The remaining 15 percent cost reduction can be reached by leveraging approaches of dynamic routing, Uberization of transport, use of autonomous vehicles, and—where possible—3-D printing.
- Supply-chain planning. The planning tasks such as demand planning, preparation of S&OP process, aggregated production planning, and supply planning are often time intensive and conducted mainly manually. With advanced system support, 80 to 90 percent of all planning tasks can be automated and still ensure better quality compared with tasks conducted manually. The S&OP process will move to a weekly rhythm, and the decision process will be built on scenarios that can be updated in real time. This combination of accuracy, granularity, and speed has implications for the other elements, such as service, supply-chain costs, and inventory. Systems will be able to detect the exception where a planner needs to jump in to decide.
- Inventory. Inventory is used to decouple demand and supply, to buffer variability in demand and supply. Implementing new planning algorithms will significantly reduce the uncertainty (the standard deviation of the demand/supply or forecast error), making safety stock unnecessary. The other important variable to drive inventory is the replenishment lead time: with more production of lot size 1 and fast changeovers, the lead time will be reduced significantly. Also, long transport time—say, from Asia to the European Union or the United States—will be reduced, due to a significant increase in local-for-local production. In addition, 3-D printing will reduce the required inventory. We would expect an overall inventory reduction of 50 to 80 percent (Exhibit 3).
Transformation into a digital supply chain
The transformation into a digital supply chain requires three key enablers: a clear definition, new capabilities, and a supportive environment. Defining the digital supply chain starts with an understanding of the current operation’s digital waste. Capabilities regarding digitization then need to be built; typically they require targeted recruiting of specialist profiles. The final prerequisite is the implementation of a two-speed architecture/organization. This means that the establishment of the organization and IT landscape must be accompanied by creation of an innovation environment with a start-up culture.

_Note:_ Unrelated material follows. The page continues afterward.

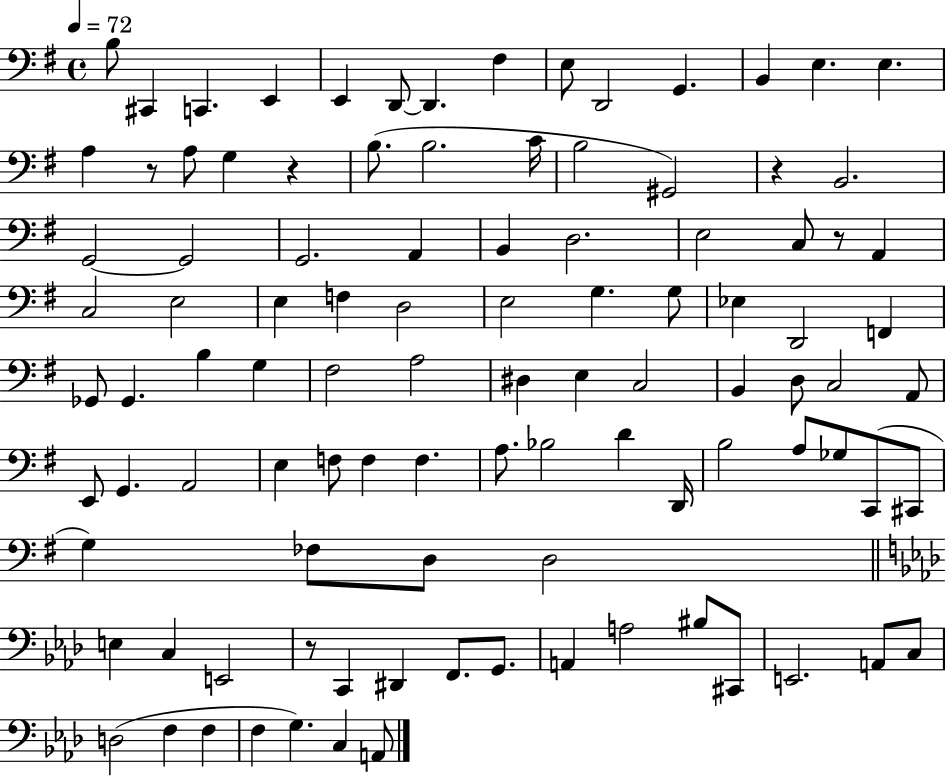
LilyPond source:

This “incubator” needs to provide a high degree of organizational freedom and flexibility as well as state-of-the-art IT systems (two-speed architecture independent of existing legacy systems) to enable rapid cycles of development, testing, and implementation of solutions. Fast realization of pilots is essential to get immediate business feedback on suitability and impact of the solutions, to create excitement and trust in innovations (e.g., new planning algorithms), and to steer next development cycles. The incubator is the seed of Supply Chain 4.0 in the organization—fast, flexible, and efficient.